======== Data provided ========

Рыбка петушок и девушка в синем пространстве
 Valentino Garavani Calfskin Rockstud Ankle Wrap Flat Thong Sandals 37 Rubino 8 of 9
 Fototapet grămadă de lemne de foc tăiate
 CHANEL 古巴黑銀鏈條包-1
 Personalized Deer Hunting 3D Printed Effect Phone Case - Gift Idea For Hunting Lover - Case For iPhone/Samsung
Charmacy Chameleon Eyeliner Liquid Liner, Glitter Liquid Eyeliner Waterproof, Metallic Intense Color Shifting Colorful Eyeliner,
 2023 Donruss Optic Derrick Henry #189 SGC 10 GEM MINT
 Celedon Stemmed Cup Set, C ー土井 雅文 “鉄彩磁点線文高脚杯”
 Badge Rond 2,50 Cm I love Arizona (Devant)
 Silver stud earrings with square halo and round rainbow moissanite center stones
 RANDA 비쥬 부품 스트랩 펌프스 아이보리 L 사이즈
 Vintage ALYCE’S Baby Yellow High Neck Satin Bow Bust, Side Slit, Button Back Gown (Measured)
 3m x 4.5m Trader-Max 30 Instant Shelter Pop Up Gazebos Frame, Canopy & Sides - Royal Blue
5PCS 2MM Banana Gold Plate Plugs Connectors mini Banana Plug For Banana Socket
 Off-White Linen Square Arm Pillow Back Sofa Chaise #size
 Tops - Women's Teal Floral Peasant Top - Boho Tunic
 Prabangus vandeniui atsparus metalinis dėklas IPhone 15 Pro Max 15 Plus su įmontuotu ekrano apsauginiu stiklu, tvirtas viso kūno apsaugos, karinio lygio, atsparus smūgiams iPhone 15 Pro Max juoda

========

Each line above must be reproduced exactly.

## Reply
Рыбка петушок и девушка в синем пространстве
 Valentino Garavani Calfskin Rockstud Ankle Wrap Flat Thong Sandals 37 Rubino 8 of 9
 Fototapet grămadă de lemne de foc tăiate
 CHANEL 古巴黑銀鏈條包-1
 Personalized Deer Hunting 3D Printed Effect Phone Case - Gift Idea For Hunting Lover - Case For iPhone/Samsung
Charmacy Chameleon Eyeliner Liquid Liner, Glitter Liquid Eyeliner Waterproof, Metallic Intense Color Shifting Colorful Eyeliner,
 2023 Donruss Optic Derrick Henry #189 SGC 10 GEM MINT
 Celedon Stemmed Cup Set, C ー土井 雅文 “鉄彩磁点線文高脚杯”
 Badge Rond 2,50 Cm I love Arizona (Devant)
 Silver stud earrings with square halo and round rainbow moissanite center stones
 RANDA 비쥬 부품 스트랩 펌프스 아이보리 L 사이즈
 Vintage ALYCE’S Baby Yellow High Neck Satin Bow Bust, Side Slit, Button Back Gown (Measured)
 3m x 4.5m Trader-Max 30 Instant Shelter Pop Up Gazebos Frame, Canopy & Sides - Royal Blue
5PCS 2MM Banana Gold Plate Plugs Connectors mini Banana Plug For Banana Socket
 Off-White Linen Square Arm Pillow Back Sofa Chaise #size
 Tops - Women's Teal Floral Peasant Top - Boho Tunic
 Prabangus vandeniui atsparus metalinis dėklas IPhone 15 Pro Max 15 Plus su įmontuotu ekrano apsauginiu stiklu, tvirtas viso kūno apsaugos, karinio lygio, atsparus smūgiams iPhone 15 Pro Max juoda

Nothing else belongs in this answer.